O direito à não autoincriminação e a possibilidade do acusado, durante o interrogatório, exercer o silêncio parcial ou seletivo
A Constituição Federal, em seu art. 5º, inciso LXIII, dispõe que o indivíduo, ao ter sua liberdade cerceada, “será informado de seus direitos, entre os quais o de permanecer calado, sendo-lhe assegurada a assistência da família e de advogado”. No mesmo sentido, o Código de Processo Penal prevê, em seu art. 180, que “o acusado será informado pelo juiz, antes de iniciar o interrogatório, do seu direito de permanecer calado e de não responder perguntas que lhe forem formuladas”. Tais dispositivos preveem, então, o denominado princípio à não autoincriminação ou o direito ao silêncio.

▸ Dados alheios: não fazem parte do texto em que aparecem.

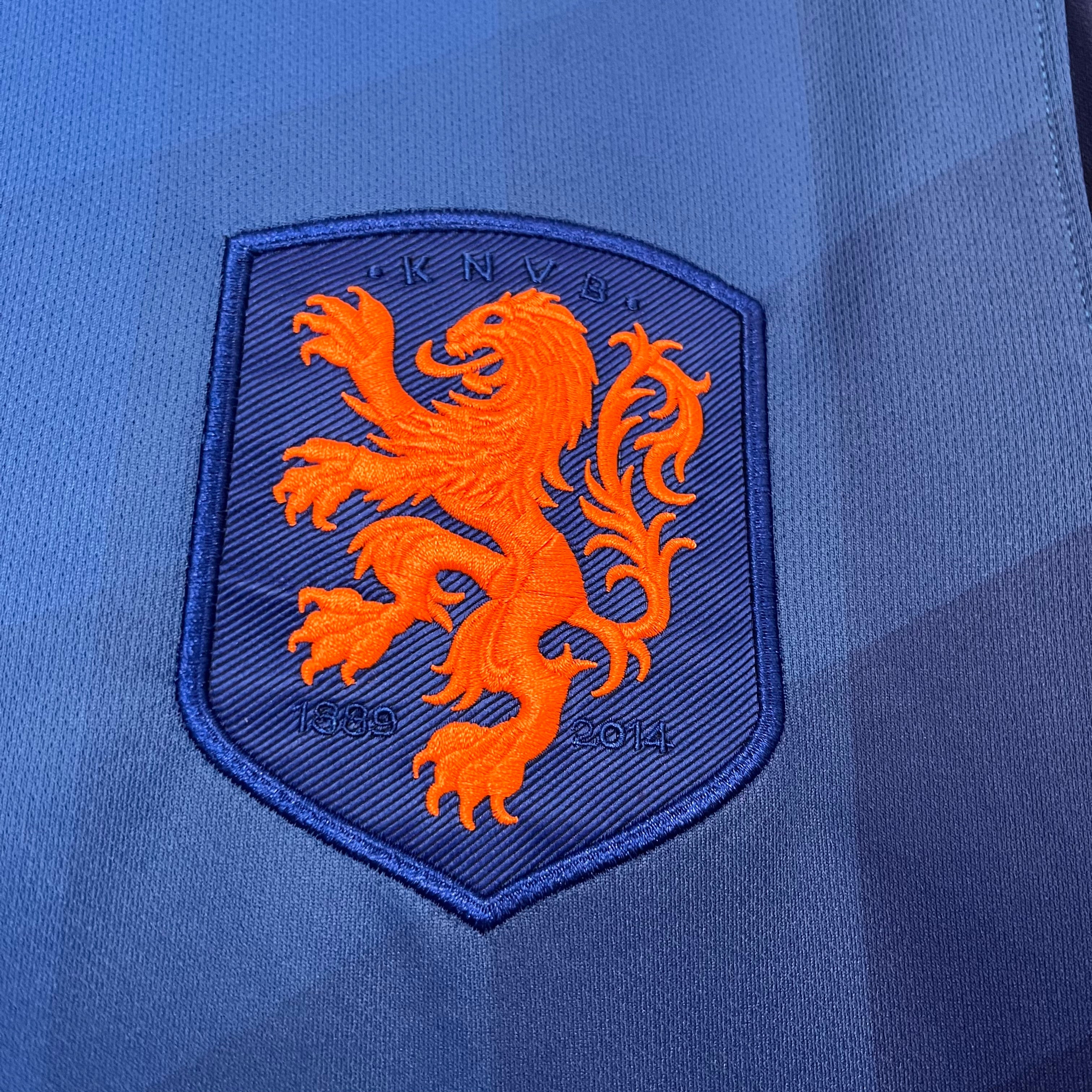 CAMISA RETRÔ HOLANDA AWAY 2014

Assim, durante a persecução penal, ao ser interrogado, o acusado poderá optar por responder as perguntas que lhe serão formuladas ou se manter silente quanto a estas, decidindo por aquilo que lhe for mais benéfico. Por conseguinte, é possível que o acusado, durante seu interrogatório, exerça o silêncio parcial ou seletivo, respondendo somente aquilo que lhe parecer mais favorável?

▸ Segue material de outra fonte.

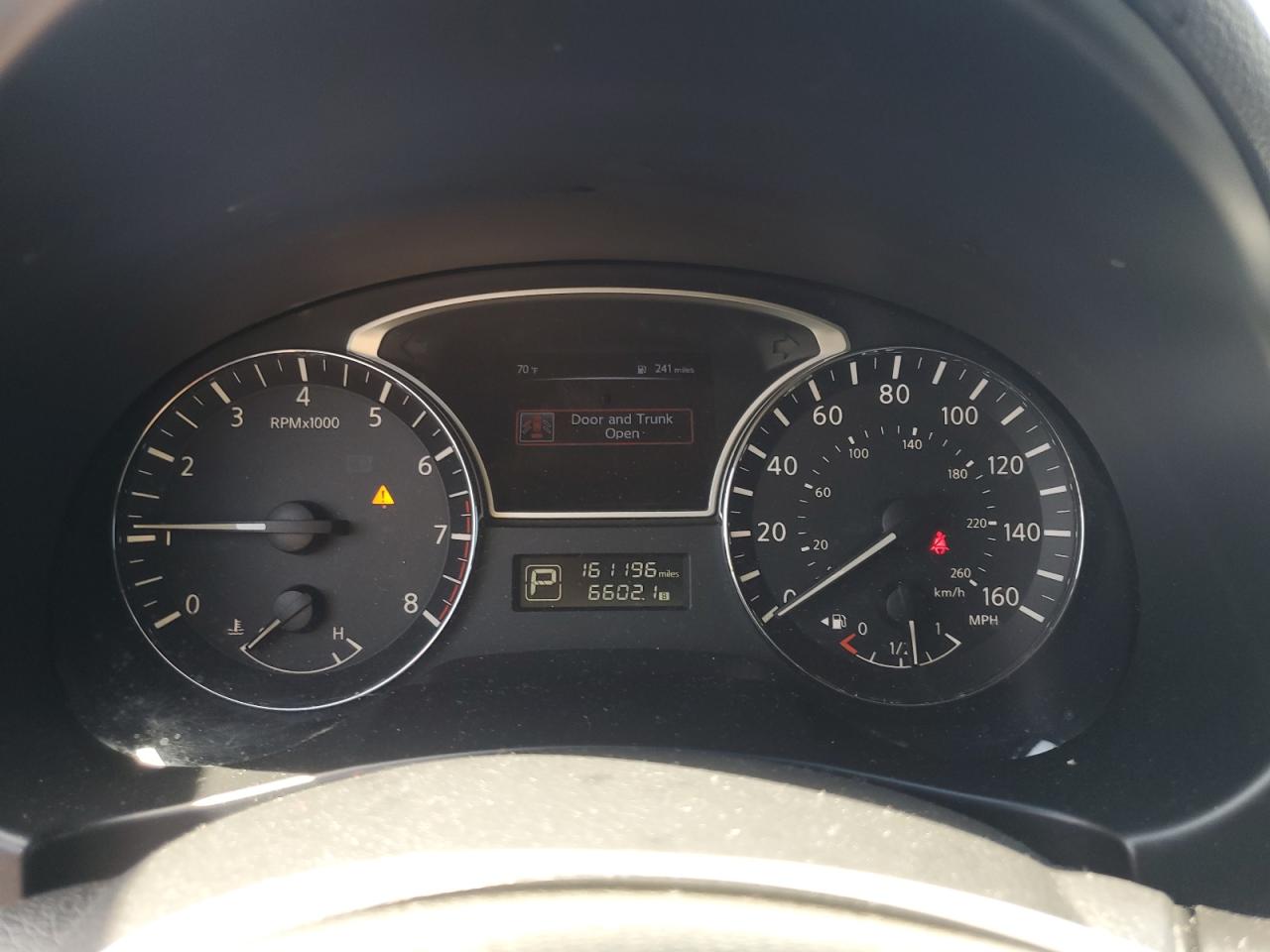 NISSAN ALTIMA 2.5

Acerca da temática, a 4ª Câmara Criminal do egrégio Tribunal de Justiça, ao julgar a Apelação Criminal nº 1.0521.20.003455-6/001, por unanimidade, anulou o interrogatório do réu, assim como todos os atos subsequentes do processo de origem, após acolher a preliminar de nulidade sustentada pela defesa, afirmando que o ato do Juízo de indeferir que o agente exerça o silêncio parcial ou seletivo constitui patente cerceamento de defesa.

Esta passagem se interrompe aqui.